◆ **Task prompt**: Restate word for word the lines below from the one that has "Ghost Hawk - Handmade" through the one that has "Pirots X Slot Features", keeping both and dropping all pictures.

◆ **Material shown**:
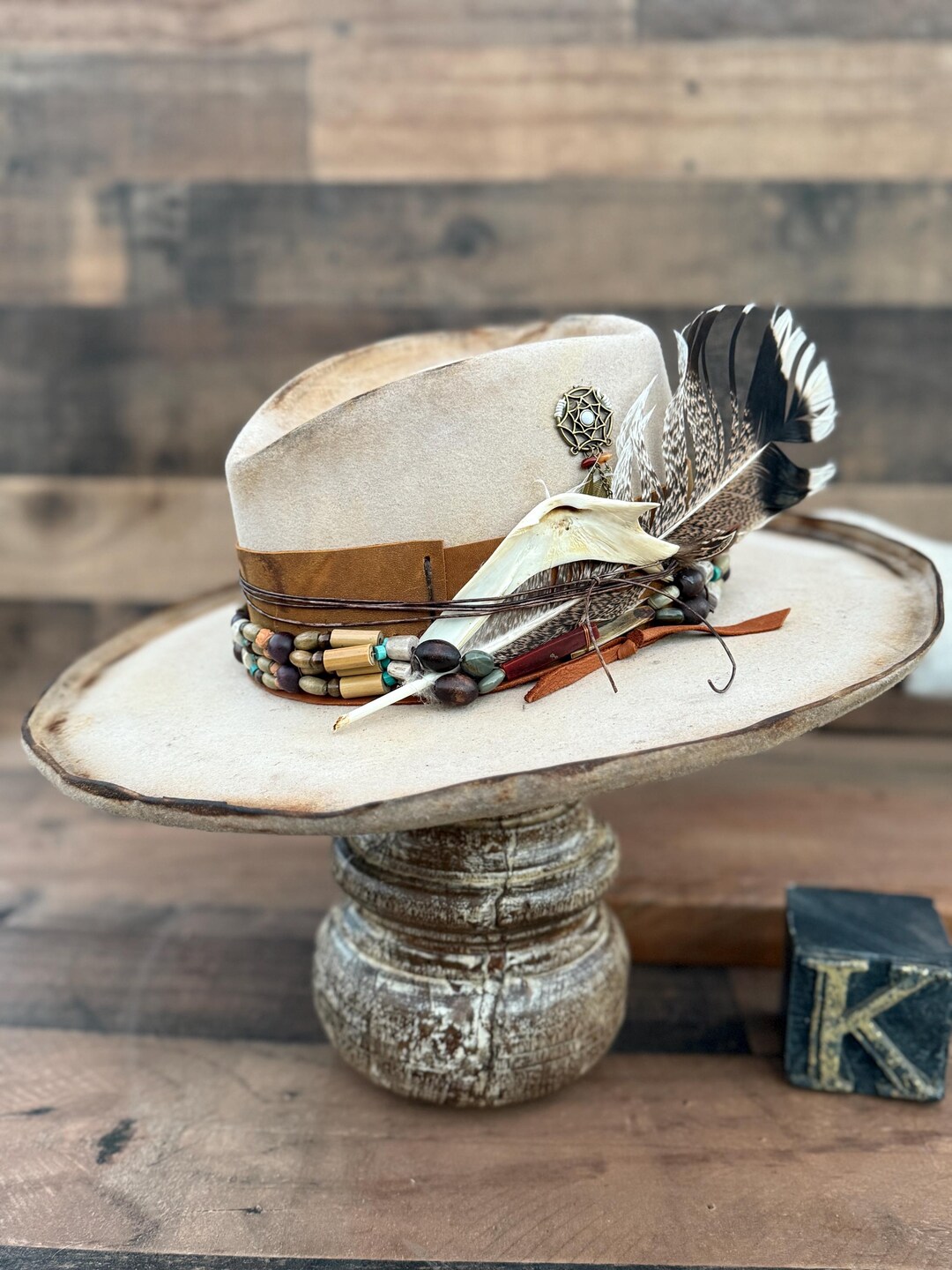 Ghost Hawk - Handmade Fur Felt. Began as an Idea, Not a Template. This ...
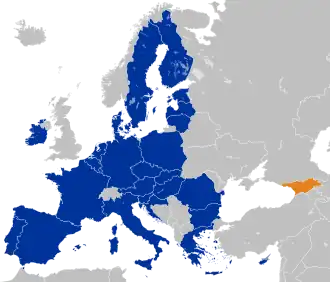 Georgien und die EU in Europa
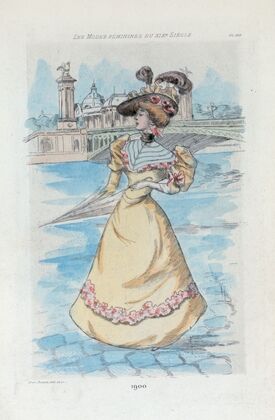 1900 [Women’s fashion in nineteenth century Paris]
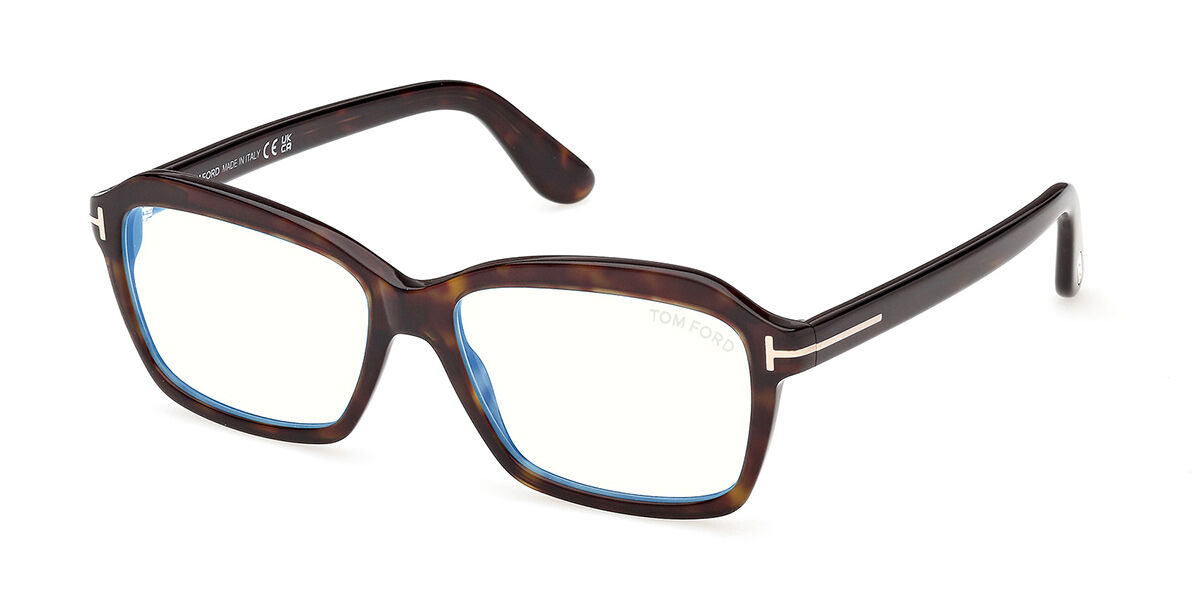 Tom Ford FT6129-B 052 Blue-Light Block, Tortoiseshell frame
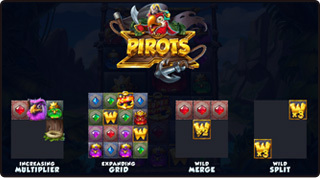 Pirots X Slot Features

---

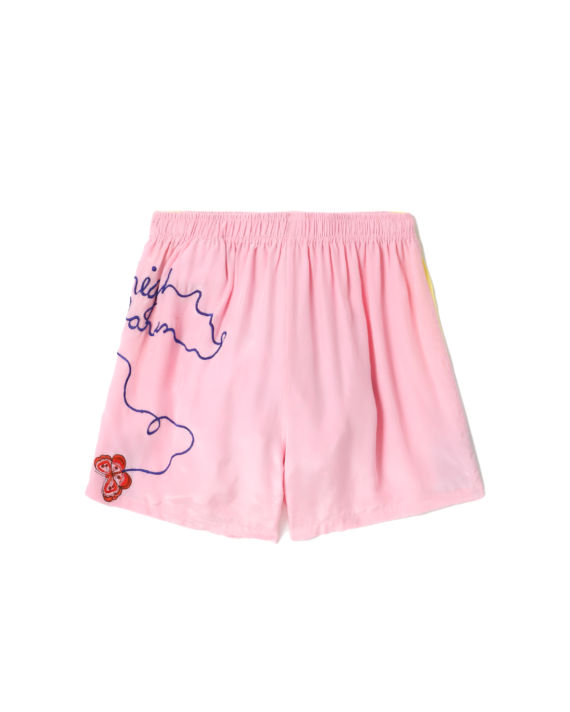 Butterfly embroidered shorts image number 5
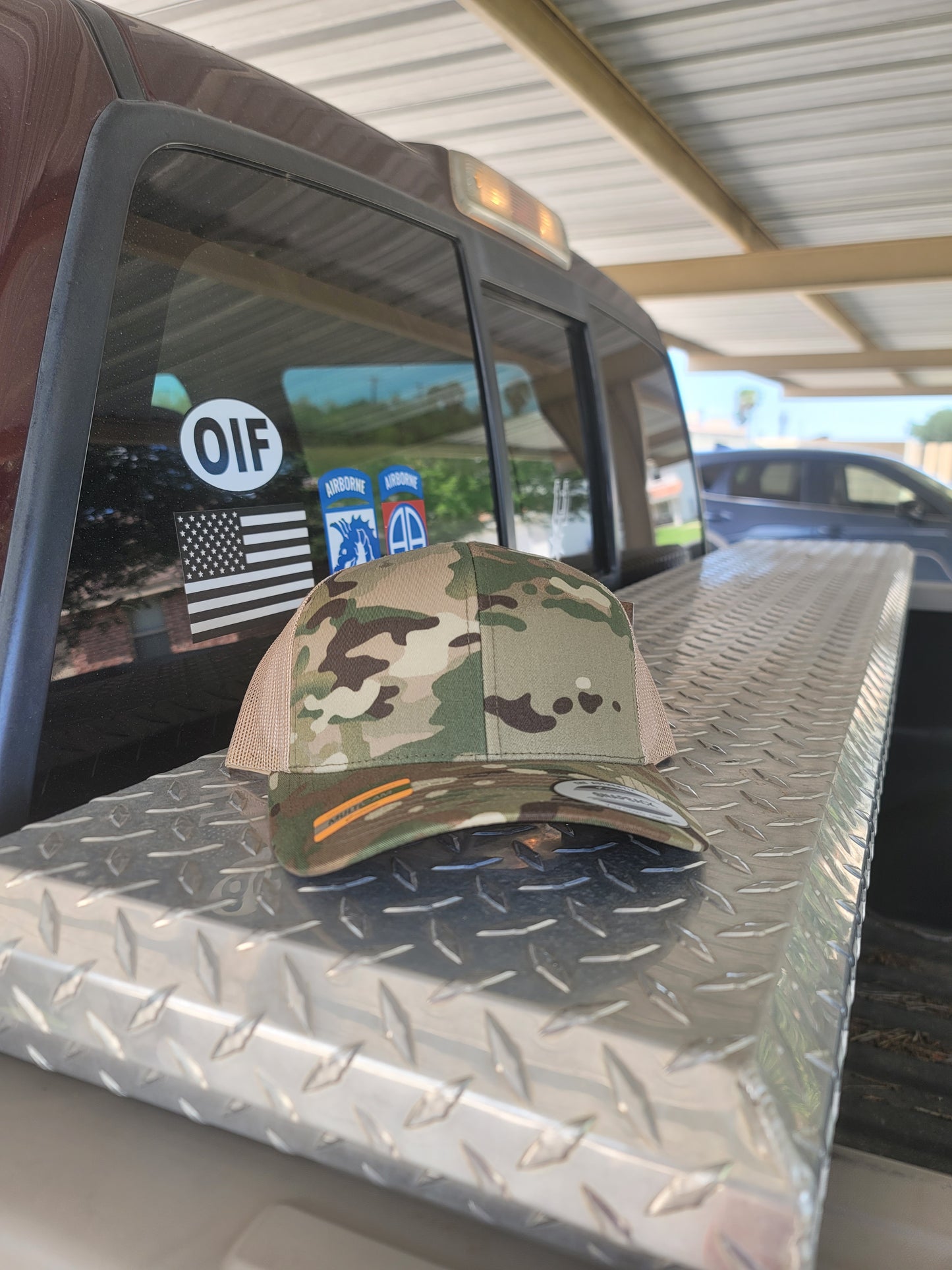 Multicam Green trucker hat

◆ **Solution**:
 Ghost Hawk - Handmade Fur Felt. Began as an Idea, Not a Template. This ...
 Georgien und die EU in Europa
 1900 [Women’s fashion in nineteenth century Paris]
 Tom Ford FT6129-B 052 Blue-Light Block, Tortoiseshell frame
 Pirots X Slot Features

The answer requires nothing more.